[Dataset entries]
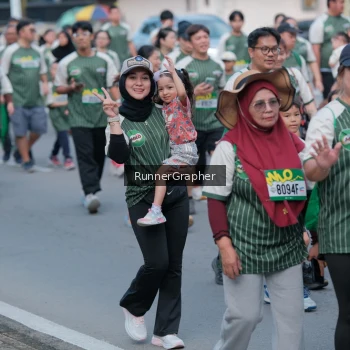 Runner Photo 1457759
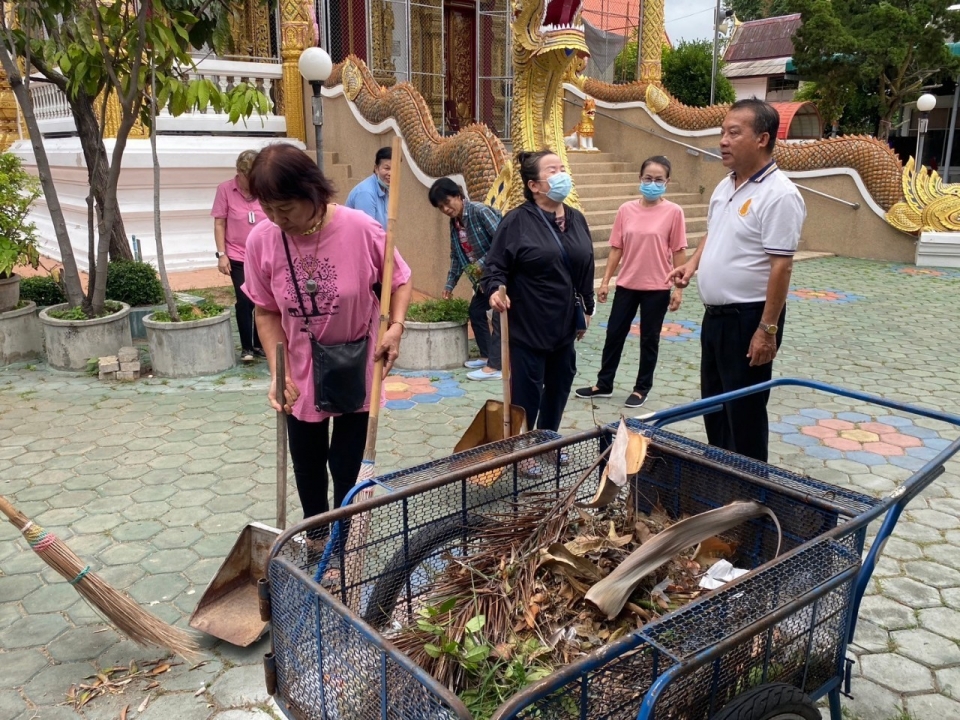 เทศบาลตำบลสันป่าตอง ได้ร่วมจัดกิจกรรม "รวมพลังสร้างสัปปายะสู่วัดด้วยวิถี 5ส (Big Cleaning Day)" ภาพที่ 56 | https://www.sanpatong.go.th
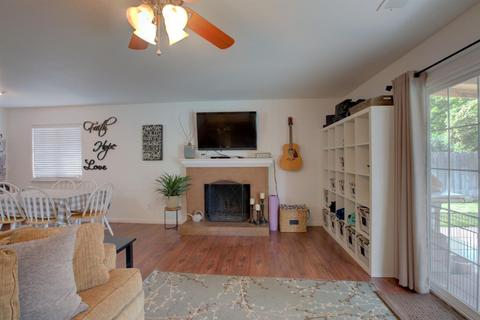 2721 Dow St, Turlock, CA 95382 photo 9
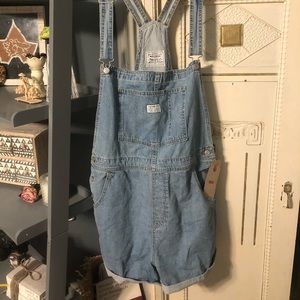 NWT Levi’s XL Overalls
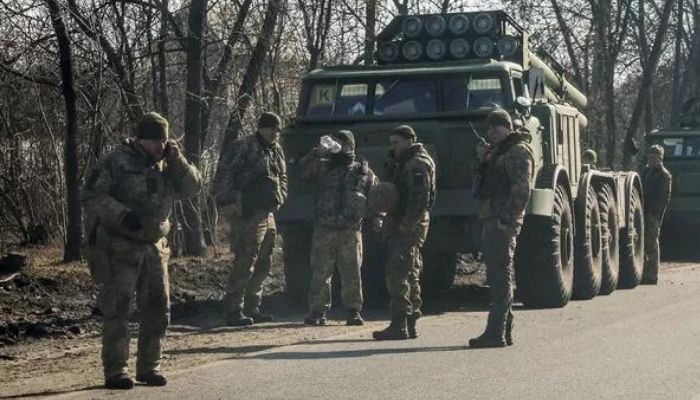 Governo da Ucrânia diz que há combates e oferece armas a civis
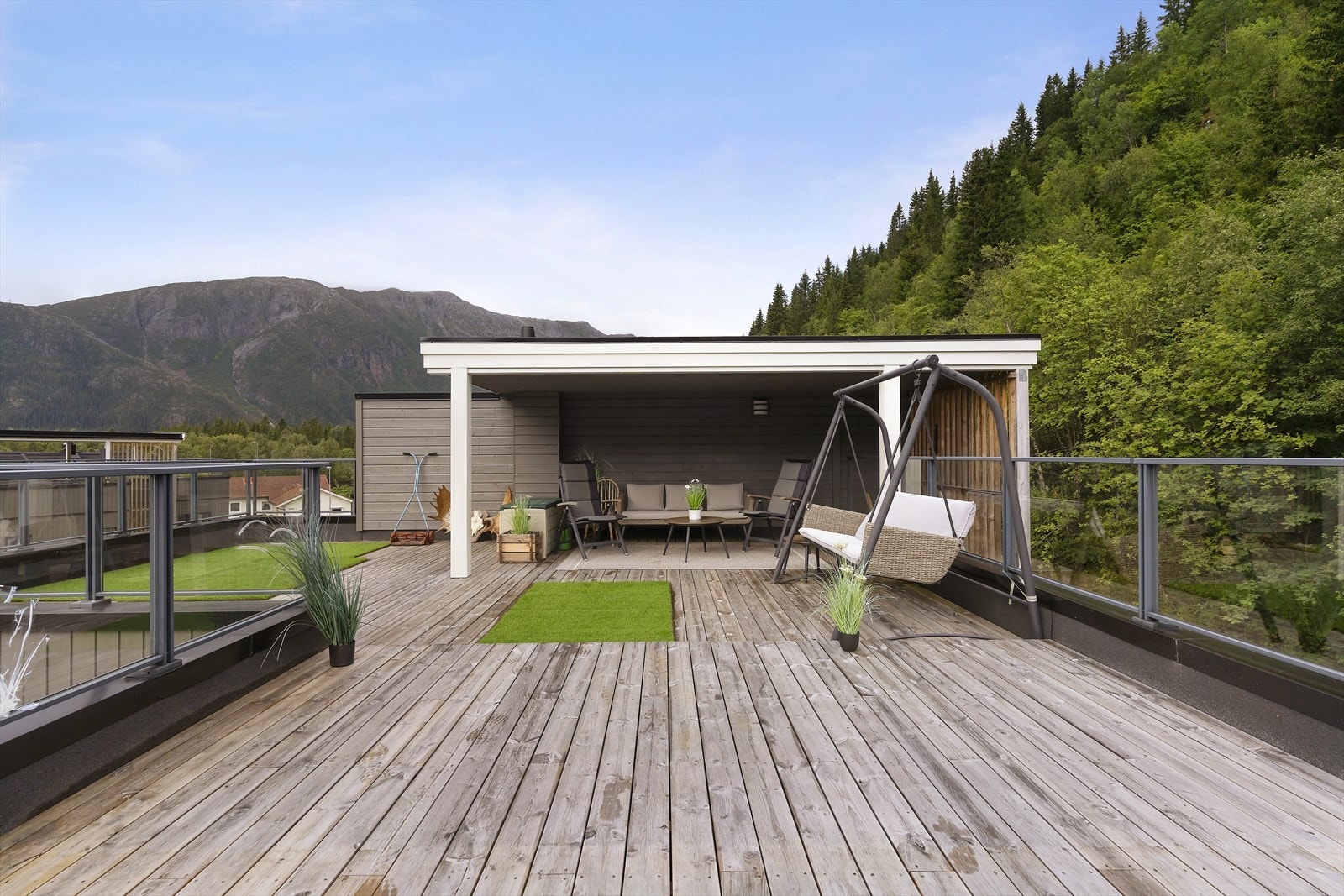 Deler av takterrassen er takoverbygd. Så her kan man også tilbringe tid ute selv om det er regn i luften. Bjelkelaget er forsterket for bruk med Jacuzzi/ Massasjebad om ønskelig. Galleribilde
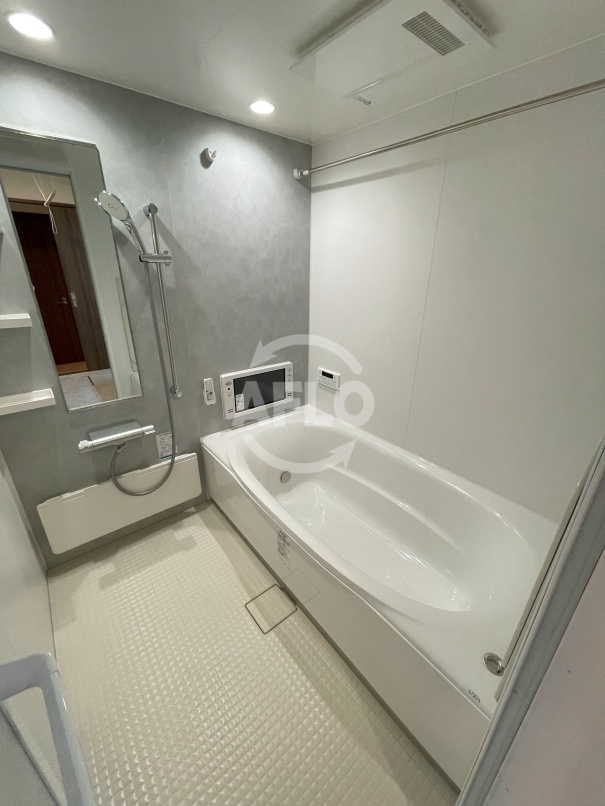 バス・シャワールーム　モンテゾーロ西田辺　浴室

## Your instructions
Send back every line above exactly, skipping all pictures.

## Result for this task
 Runner Photo 1457759
 เทศบาลตำบลสันป่าตอง ได้ร่วมจัดกิจกรรม "รวมพลังสร้างสัปปายะสู่วัดด้วยวิถี 5ส (Big Cleaning Day)" ภาพที่ 56 | https://www.sanpatong.go.th
 2721 Dow St, Turlock, CA 95382 photo 9
 NWT Levi’s XL Overalls
 Governo da Ucrânia diz que há combates e oferece armas a civis
 Deler av takterrassen er takoverbygd. Så her kan man også tilbringe tid ute selv om det er regn i luften. Bjelkelaget er forsterket for bruk med Jacuzzi/ Massasjebad om ønskelig. Galleribilde
 バス・シャワールーム　モンテゾーロ西田辺　浴室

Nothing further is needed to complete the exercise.